Over the years, virtual reality (VR) has been marketed as the next frontier of work, entertainment, and even social connection. But if you’ve ever tried VR, you know the barrier to entry hasn’t been just a learning curve; it’s cost.
While the Apple Vision Pro did wow audiences last year, at $3,499 and weighing around 600g, it’s a luxury experience most of us can only admire from afar. Even the Meta Quest 3, at $499, remains out of reach for many everyday users.
Now, Chinese brands are stepping in with a different strategy to make VR cheaper, lighter, and accessible enough to bring millions into the fold. Vivo, for example, just unveiled its Vision Discovery Edition mixed reality (MR) headset, which also happens to be the very first one to run on Android. At 398g, it’s about 35% lighter than the Apple Vision Pro, and early pricing reports from Gizmodo suggest ¥10,000 (~$1,400), roughly a third of Apple’s.
But Vivo isn’t alone in reshaping the space

Chinese brands like XREAL, Viture, and TCL are growing in shipments. XREAL, for instance, climbed to #2 globally, Viture’s shipments jumped +268% year-on-year (YoY), and TCL grew +91.6%. Collectively, lightweight extended reality (XR) glasses makers now account for over 22% of the global AR/VR market.

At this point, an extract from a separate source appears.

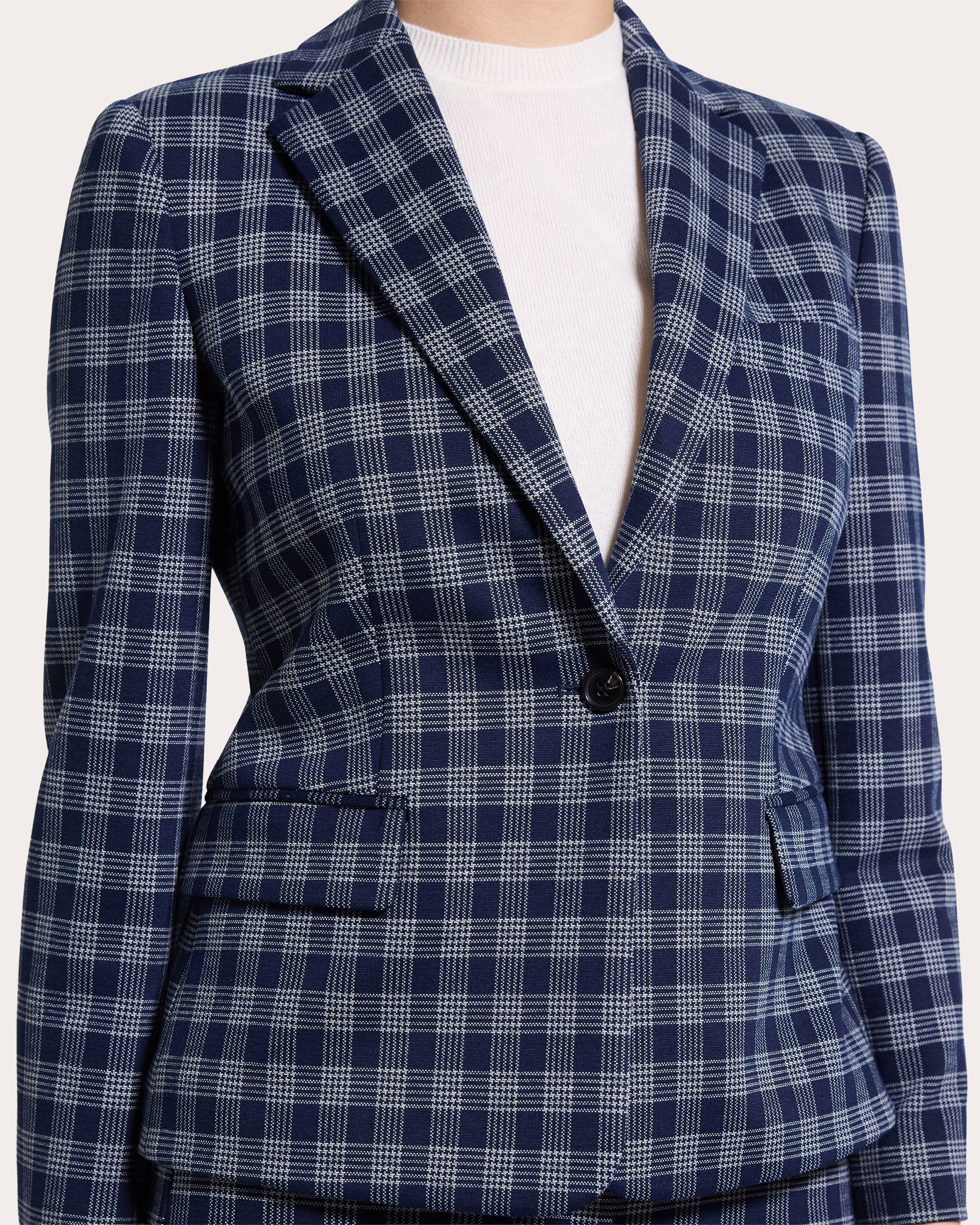 Plaid Slim Single-Breasted Blazer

So, the message is pretty clear: consumers and businesses are starting to prefer lighter, more practical devices that don’t break the bank.

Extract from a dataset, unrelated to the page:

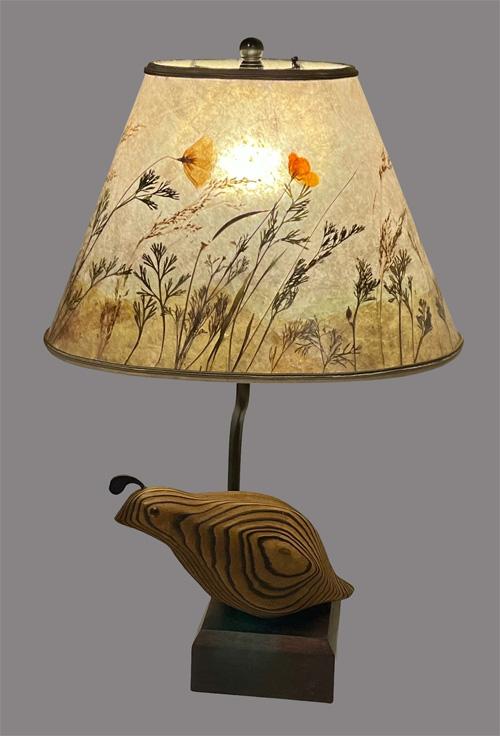 Sue Johnson SALE Lamp 19 G - wood quail lamp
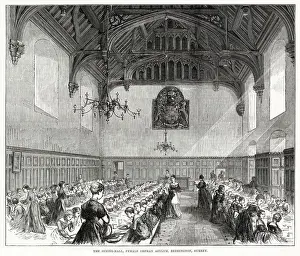Long Prints: Interior in the dinning-hall, female orphan asylum in Beddington, Surrey. Date: 1875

The timing for this growth also matters for Chinese brands. The global AR/VR market grew 18.1% YoY in Q1 2025 (via IDC), a rebound after years of slow adoption. Meta still holds 50.8% of the market, yes, but Apple and Sony were notably absent from the top rankings that quarter.
IDC predicts a dip in 2025 shipments (–12%) due to delayed launches and tariffs, followed by a strong rebound in 2026 (+87%), with an overall 38.6% CAGR through 2029. In other words, the demand curve is steepening, and Chinese brands are in a prime position to capitalize.
Affordability isn’t a numbers game but a deliberate strategy
Just as Xiaomi, Oppo, and Huawei broke into the smartphone market a decade ago by offering premium features at half the price, today’s Chinese VR manufacturers are doing the same. Meta may lead in the West, and Apple has the luxury segment locked down, but lighter, cheaper headsets could drive mass adoption first in Asia and other cost-sensitive markets before spreading globally.
There’s also a platform angle worth watching. For companies like ByteDance (owner of VR headset maker, Pico), VR is more than hardware; it’s a content and ecosystem play. Bundling headsets with TikTok-adjacent platforms gives Chinese tech firms a way to compete beyond Apple and Google’s app stores, potentially shaping the next dominant digital space.
Of course, challenges remain.
Affordable hardware alone won’t guarantee long-term engagement as VR still needs compelling content, seamless user experiences, and real-world use cases beyond gaming. But if history is any guide for us, affordability has a way of changing behavior. Think of how smartphones went from luxury to necessity once prices dropped.
The big question is how Western companies respond. Will Meta cut prices further? Can Apple produce a lighter, more affordable Vision Pro without diluting its premium brand? Or will China, once again, set the pace for how fast a technology moves from “early adopter” to mainstream?
Either way, the race is on, and this time, China looks determined not just to participate, but to lead.